What to do: Reproduce, exactly, the lines of the material below from the line containing "Plus‑Size Woman Goes" through the line containing "Lo sợ đại dịch", with both end lines included and nothing else.

Material shown:
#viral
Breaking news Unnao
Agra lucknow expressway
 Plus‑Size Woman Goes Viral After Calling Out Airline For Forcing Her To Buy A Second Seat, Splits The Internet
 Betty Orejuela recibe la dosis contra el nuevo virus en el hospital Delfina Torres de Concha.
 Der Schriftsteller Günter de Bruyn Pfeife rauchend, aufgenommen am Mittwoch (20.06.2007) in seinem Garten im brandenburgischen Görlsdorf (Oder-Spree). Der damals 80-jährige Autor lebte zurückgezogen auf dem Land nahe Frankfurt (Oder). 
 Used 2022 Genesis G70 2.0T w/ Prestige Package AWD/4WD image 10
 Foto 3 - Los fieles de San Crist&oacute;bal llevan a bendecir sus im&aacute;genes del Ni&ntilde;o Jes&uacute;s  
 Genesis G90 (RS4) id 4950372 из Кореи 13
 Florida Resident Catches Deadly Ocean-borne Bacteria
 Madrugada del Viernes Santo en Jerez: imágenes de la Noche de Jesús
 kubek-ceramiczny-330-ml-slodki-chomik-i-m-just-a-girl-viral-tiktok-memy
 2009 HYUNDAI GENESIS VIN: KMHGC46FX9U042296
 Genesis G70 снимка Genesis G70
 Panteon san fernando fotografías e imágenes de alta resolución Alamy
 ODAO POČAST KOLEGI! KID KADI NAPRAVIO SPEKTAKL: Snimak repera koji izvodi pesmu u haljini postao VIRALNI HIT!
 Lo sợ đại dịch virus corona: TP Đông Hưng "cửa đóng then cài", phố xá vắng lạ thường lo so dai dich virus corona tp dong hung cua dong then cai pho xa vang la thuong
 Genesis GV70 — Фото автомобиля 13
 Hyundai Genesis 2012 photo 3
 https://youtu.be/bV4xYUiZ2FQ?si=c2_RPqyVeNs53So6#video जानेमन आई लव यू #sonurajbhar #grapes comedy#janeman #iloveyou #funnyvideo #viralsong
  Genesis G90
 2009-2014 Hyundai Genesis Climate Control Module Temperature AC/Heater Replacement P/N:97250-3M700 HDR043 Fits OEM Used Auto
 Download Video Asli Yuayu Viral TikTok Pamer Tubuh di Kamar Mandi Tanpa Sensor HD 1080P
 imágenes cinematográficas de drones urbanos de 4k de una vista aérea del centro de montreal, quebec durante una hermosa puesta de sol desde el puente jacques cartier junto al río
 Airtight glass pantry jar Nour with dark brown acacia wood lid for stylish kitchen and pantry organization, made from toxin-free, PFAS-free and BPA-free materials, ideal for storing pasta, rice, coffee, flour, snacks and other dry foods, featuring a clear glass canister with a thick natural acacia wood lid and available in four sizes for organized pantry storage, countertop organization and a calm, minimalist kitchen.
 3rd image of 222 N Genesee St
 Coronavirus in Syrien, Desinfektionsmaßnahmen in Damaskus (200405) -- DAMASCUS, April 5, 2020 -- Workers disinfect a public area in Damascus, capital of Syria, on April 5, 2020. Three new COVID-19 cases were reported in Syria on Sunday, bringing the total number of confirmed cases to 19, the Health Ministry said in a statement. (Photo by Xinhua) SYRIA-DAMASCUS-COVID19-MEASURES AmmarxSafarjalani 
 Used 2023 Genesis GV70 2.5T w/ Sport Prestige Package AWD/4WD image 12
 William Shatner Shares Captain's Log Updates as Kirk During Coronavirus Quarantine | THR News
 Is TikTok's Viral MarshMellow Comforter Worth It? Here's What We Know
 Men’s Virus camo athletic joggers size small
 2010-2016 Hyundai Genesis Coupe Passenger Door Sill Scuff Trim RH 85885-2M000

Answer to this exercise:
 Plus‑Size Woman Goes Viral After Calling Out Airline For Forcing Her To Buy A Second Seat, Splits The Internet
 Betty Orejuela recibe la dosis contra el nuevo virus en el hospital Delfina Torres de Concha.
 Der Schriftsteller Günter de Bruyn Pfeife rauchend, aufgenommen am Mittwoch (20.06.2007) in seinem Garten im brandenburgischen Görlsdorf (Oder-Spree). Der damals 80-jährige Autor lebte zurückgezogen auf dem Land nahe Frankfurt (Oder). 
 Used 2022 Genesis G70 2.0T w/ Prestige Package AWD/4WD image 10
 Foto 3 - Los fieles de San Crist&oacute;bal llevan a bendecir sus im&aacute;genes del Ni&ntilde;o Jes&uacute;s  
 Genesis G90 (RS4) id 4950372 из Кореи 13
 Florida Resident Catches Deadly Ocean-borne Bacteria
 Madrugada del Viernes Santo en Jerez: imágenes de la Noche de Jesús
 kubek-ceramiczny-330-ml-slodki-chomik-i-m-just-a-girl-viral-tiktok-memy
 2009 HYUNDAI GENESIS VIN: KMHGC46FX9U042296
 Genesis G70 снимка Genesis G70
 Panteon san fernando fotografías e imágenes de alta resolución Alamy
 ODAO POČAST KOLEGI! KID KADI NAPRAVIO SPEKTAKL: Snimak repera koji izvodi pesmu u haljini postao VIRALNI HIT!
 Lo sợ đại dịch virus corona: TP Đông Hưng "cửa đóng then cài", phố xá vắng lạ thường lo so dai dich virus corona tp dong hung cua dong then cai pho xa vang la thuong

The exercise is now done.